15. Mai 2009: Medien-Direktor Norman Seidler qualmt der Kopf: Zum letzten Spieltag haben sich Dutzende TV-Teams aus England, Italien und Spanien angemeldet. MDF 1 (mit MDR-Mann Eik Galley als ausgeliehenen Live-Reporter) überträgt acht Stunden am Stück aus der seit Wochen ausverkauften „Abendfriede“-Arena.

20. Mai 2019: Ausnahmezustand im Fußball-Osten! Dem FCM gelingt mit einem erneuten Durchmarsch der Aufstieg in die 1. Bundesliga. Christian Beck verwandelt in der entscheidenden Partie gegen den 1. FC Köln einen Elfmeter (Torwarttrainer Matthias Tischer hatte ihm zuvor einen gut leserlichen Zettel zugesteckt, der später streng bewacht im Kulturhistorischen Museum aufbewahrt wird) und trifft in der Nachspielzeit aus 35 Metern mit einem Fallrückzieher zum 2:0 in den Winkel.

4. Juni 2019: Mario Kallnik dementiert Gerüchte, ihn ziehe es in die Politik. Sein entwaffnendes Argument: „Was soll ich da?“ Er widersteht ebenso millionenschweren  Verlockungen anderer Bundesligisten wie dem AOK Frankfurt/Main.
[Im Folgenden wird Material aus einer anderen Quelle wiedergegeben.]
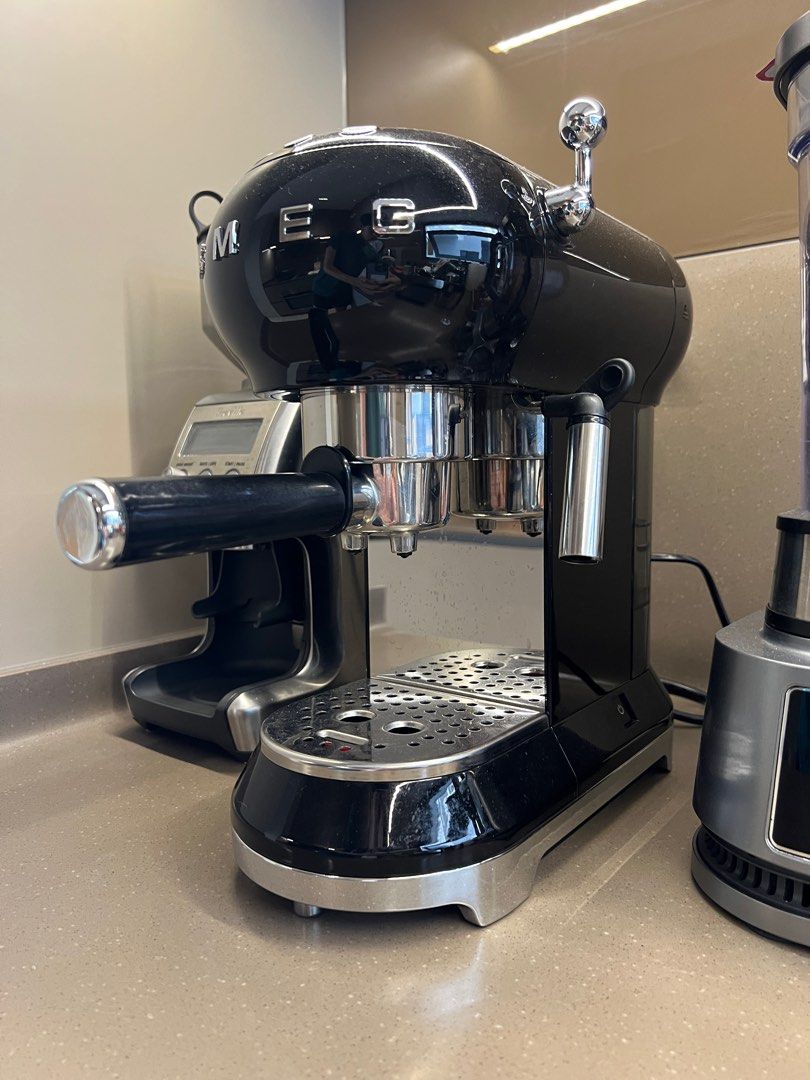 SMEG Espresso Machine, TV & Home Appliances, Kitchen Appliances, Coffee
9. Juni 2019: Scheichs aus dem Morgenland lassen anfragen, ob denn die Logen in der Arena für ihren Hofstaat samt Frauen und Kindern ausgelegt seien; Preise wären absolut kein Thema. Goldene Wasserhähne stellten keine Bedingung da, im Orient wisse man von den Engpässen in einer Mangelwirtschaft. Vorübergehend könne man über Plastehähne aus DDR-Produktion hinwegsehen.

15. Juni 2019: Der FCM muss die bittere Erfahrung machen, dass gerade Erfolgsvereine eine magische Attraktivität für Dilettanten entwickeln. Der Jordanier Hasan Abdullah Mohamed Investor Ismaik (früher 1860 München) lanciert über einen Mittelsmann eine Offerte. Ebenjener „The One and Only“ Ismaik, der von Fußball noch weniger versteht als ein Verandageländer von der Geldanlage in Zero-Bonds.
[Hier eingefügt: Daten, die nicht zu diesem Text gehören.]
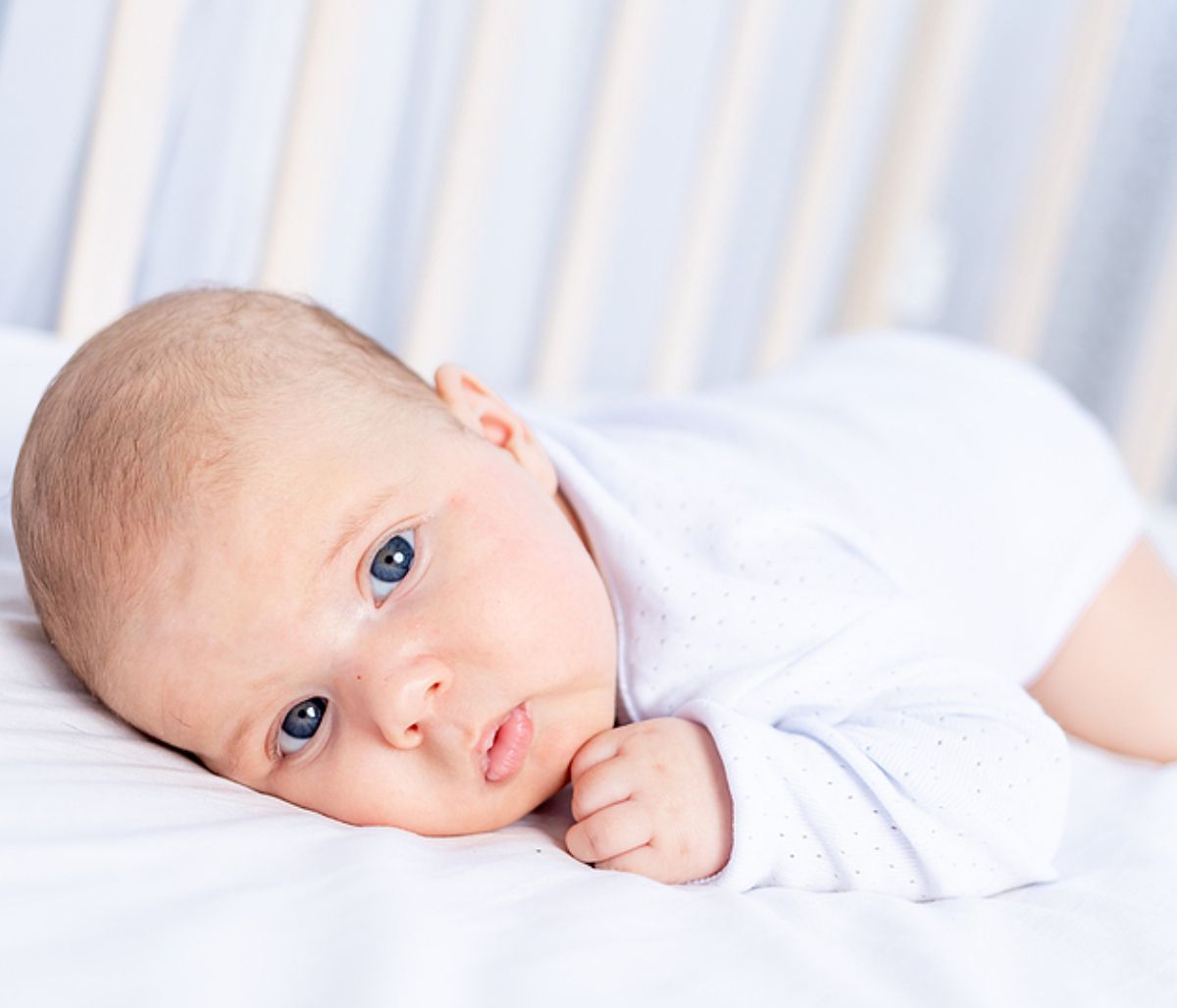 Πότε μπορεί το μωρό να κοιμηθεί σε μαξιλάρι;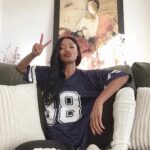 Jill Marie Jones Instagram – To really know me… you know that I bleed BLUE 💙 
Always have. Born & Bred 💙

But unfortunately, I don’t have a pony in this race so…

LET’S GO KC!!! 
If you are a true football fan… you know EXACTLY why I want The Chiefs to take the “W”. LOL!!! 🤗🤗🤗 

I think it’s going to be a great game… and I can’t wait to see what @usher has in store 🔥🔥🔥 

Safety to all of the players playing today.
HAPPY SUPER BOWL SUNDAY!!!! 🏈🍿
27. Juni 2019: Renommierte Trainer werden von Beratern und Agenten auf der Geschäftsstelle wohlfeil angeboten. Mehrmals in der Woche wird der Porsche des unverwüstlichen Peter Neururer in Stadionnähe gesichtet. Als der Name Jupp Heynckes ins Spiel kommt, ist man auf FCM-Seite eher skeptisch: „Zu jung.“ Bei Rudi Gutendorf heißt es, dem fehle Auslandserfahrung. Jürgen Klopp wiederum mangele es am nötigen „Stallgeruch“. Und Pep Guardiola verwirre die Spieler nur, da habe man eine gewisse Fürsorgepflicht. Deutschlands Rekordnationalspieler winkt gleich ab:  „Ein solcher Klub wie Magdeburg verpflichtet doch einen Lothar Matthäus nicht. Da fehlen einem Lothar Matthäus, so selbstkritisch und ehrlich muss er sich selbst gegenüber sein, die vorzeigbaren Erfolge.“ Also bleibt alles beim Alten.

1. Juli 2019: Dem zum Sportvorstand aufgestiegenen Maik Franz gelingt ein Coup an der Transferfront: Nils Petersen, Marcel Schmelzer und Paul Seguin tragen ab sofort die blau-weißen Farben.
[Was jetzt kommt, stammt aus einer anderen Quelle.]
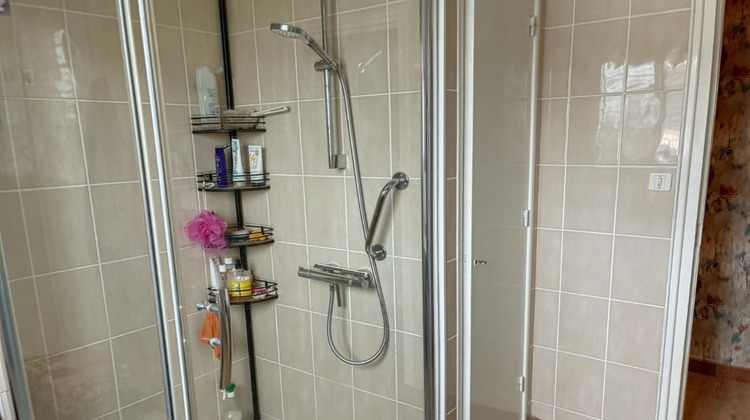 Ma-Cabane - Vente Maison LE ROC-SAINT-ANDRE, 152 m²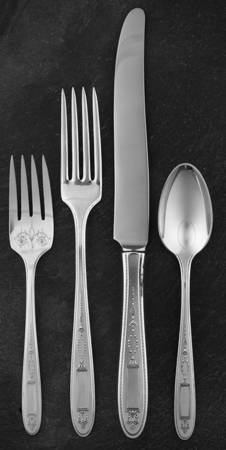 Grosvenor (Silverplate, 1921, No Monograms) 4 Piece Place Setting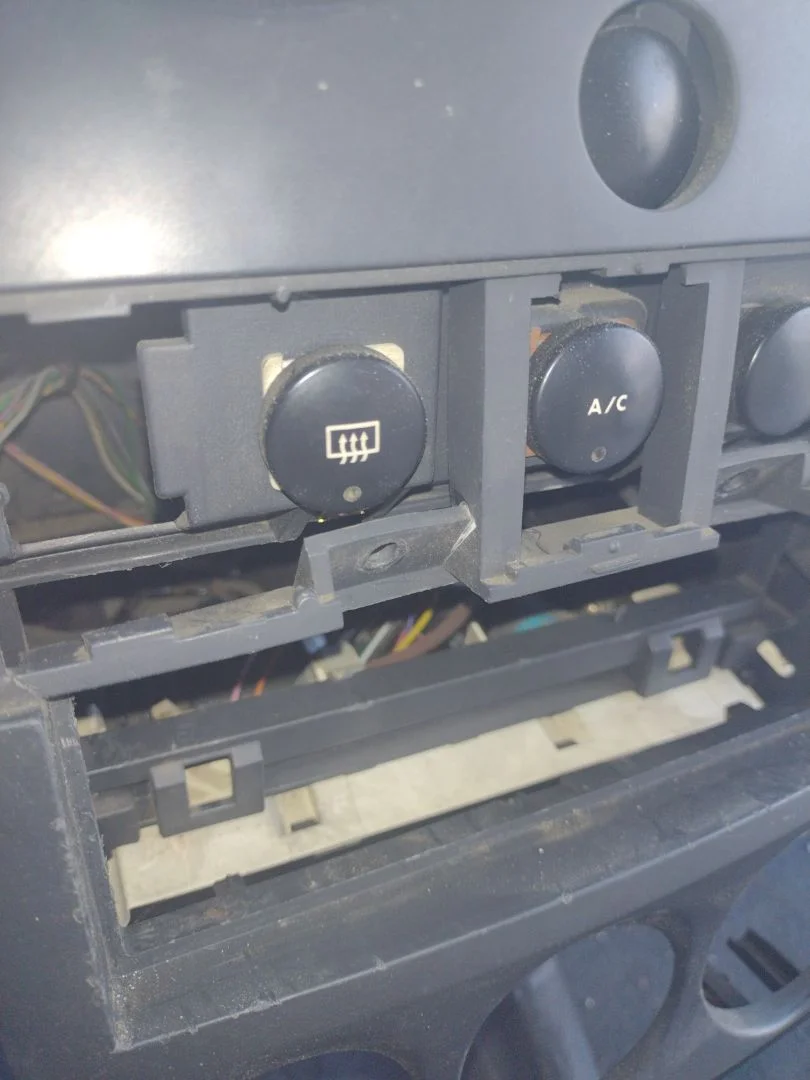 Foto de INTERRUPTOR PEUGEOT PARTNER (S2) 1.9 Diesel (69 CV / 51 KW)
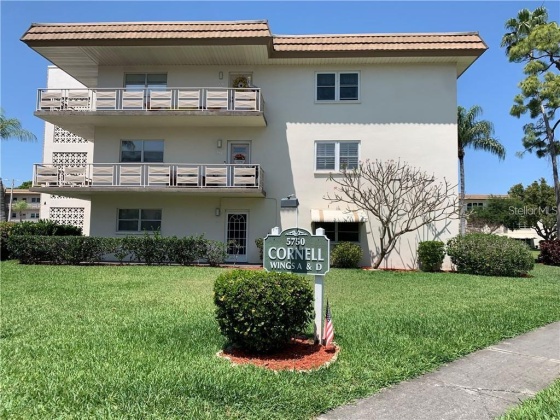 5750 80TH STREET, ST PETERSBURG, Florida 33709, 2 Bedrooms Bedrooms, ,2 BathroomsBathrooms,Residential,For Sale,80TH,MFRU8228513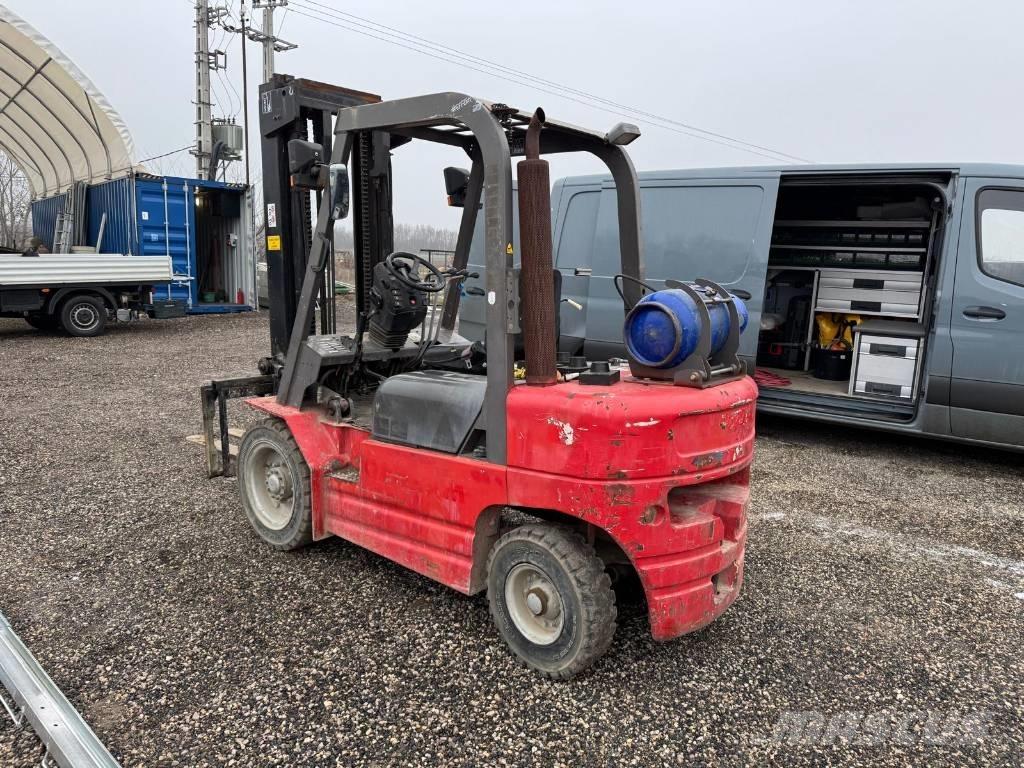 Manitou CG 30 P Plinski viličari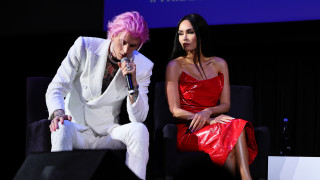 Меган Фокс и Machine Gun Kelly известен още като Колсън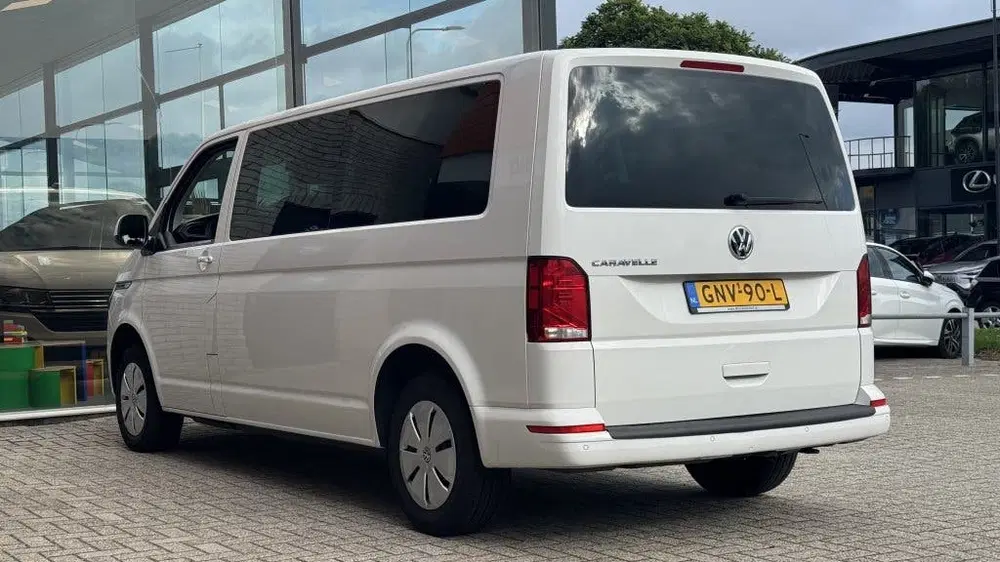 Volkswagen Transporter 2.0 TDI L2H1 4Motion uit 2021, foto 4
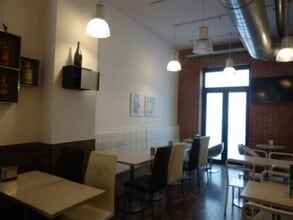 Retail in Manresa, Barcelona to rent Building Photo- Image 2 of 9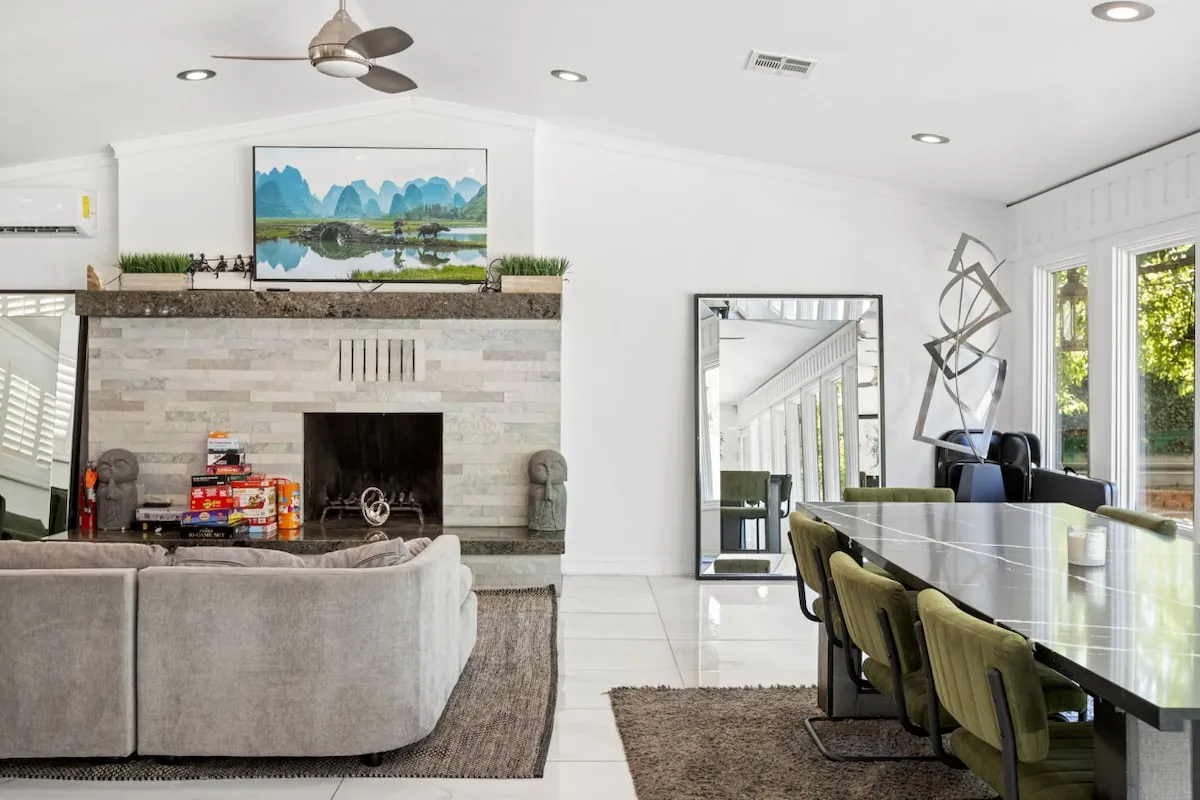 Zen Paradise — interior photograph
8. Oktober 2019: Das neue Stadion ist endlich fertig. Selbst für eine Metropole mit eigenem Hundertwasserhaus ist es ein architektonisches Novum: Jede Stufe sieht anders aus. Die Stadt verfügt: Das Aufbauen von Hüpfburgen ist im Umkreis von 20 Kilometern um die Arena ab sofort streng untersagt.

14. November 2019: Der journalistische Hype kennt keine Grenzen. Ein FCM-Spieler wird von einem der immer aufdringlicher werdenden Reporter nach seiner Lieblingsfarbe gefragt. Er: „Weiß nicht.“ Reporter:  „Welche dann?“

20. Dezember 2019: Zur Winterpause ist der FCM nach drei Aufstiegen hintereinander als Dritter bester Neuling aller Zeiten.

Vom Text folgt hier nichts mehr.